Mit der Einführung der cART im Jahre 1996 ist die Inzidenz der HIV-assoziierten Erkrankungen in den industrialisierten Ländern so deutlich zurückgegangen, dass die Lebenserwartung HIV-Infizierter heute der von HIV-Negativen immer näher kommt [2]. Zwar ist auch die Inzidenz von HAND rückläufig, dies aber nicht in dem Maße wie die der anderen AIDS-definierenden Erkrankungen [22]. Die Prävalenz neurokognitiver Störungen durch HIV selbst (in Abgrenzung zu opportunistischen Infektionen) steigt mit der Lebenserwartung naturgemäß an und wird derzeit auf 20–50 % geschätzt [49, 101]. Während somit die prinzipielle Behandelbarkeit von HAND durch die cART außer Frage steht, sind das Maß und die Dauerhaftigkeit des Effekts der cART begrenzt.

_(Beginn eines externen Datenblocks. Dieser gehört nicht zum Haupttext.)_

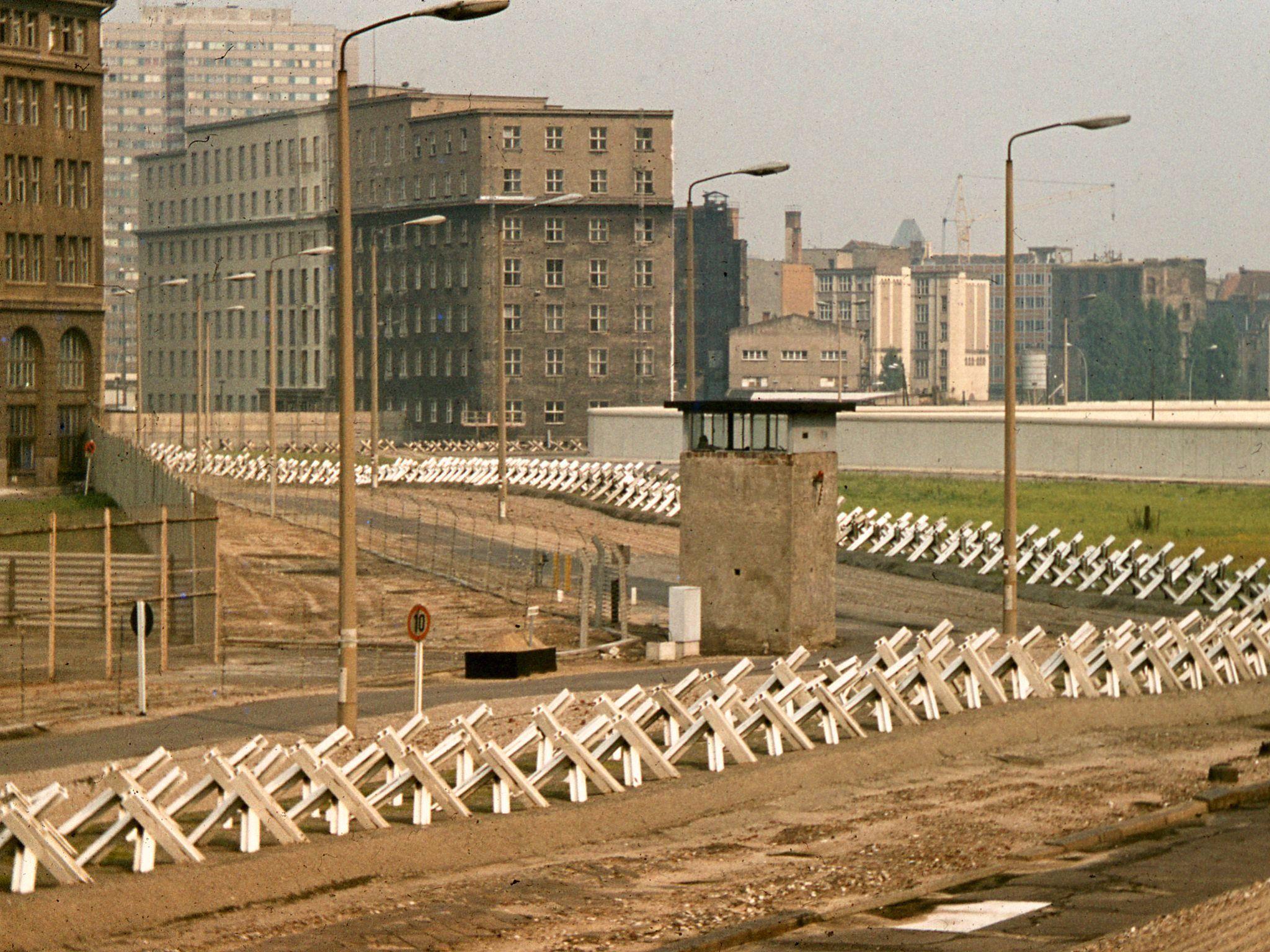 2048x1536 Berlin Wall death strip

HAND tritt heute häufiger in früheren Stadien auf und zeigt einen anderen Verlauf

Verschiedene Autoren berichten von Patienten mit supprimierter Viruslast im Plasma, die chronisch progrediente und teils fluktuierende kognitive Störungen entwickelten [1, 6, 111]. Systematische Längsschnittuntersuchungen zum Verlauf kognitiver Störungen bei asymptomatischen HIV-Infizierten ergaben stabile kognitive Leistungen über 5 Jahre [17]; allerdings war die in dieser Studie angewandte Testbatterie für eine valide Aussage zu wenig umfassend. Außerdem war die Population schulisch und beruflich überdurchschnittlich gut ausgebildet und verfügte daher über ein hohes Maß an kognitiver Reserve. HIV-Patienten mit einem initial schlechten Immunstatus (niedrige CD4-Zellzahlen), der sich unter cART verbesserte, waren einige Jahre nach cART-Beginn kognitiv noch gering schlechter als HIV-Negative, mit teilweise allerdings weiterer kognitiver Besserung im Verlauf [69]. Während somit schwere Ausprägungen von HAND, wie sie vor der cART-Ära üblich waren, bei antiretroviral behandelten Patienten nun selten sind [84], werden in der klinischen Praxis leichtere kognitive Störungen beobachtet, die zudem in früheren Infektionsstadien auftreten [49, 50, 92].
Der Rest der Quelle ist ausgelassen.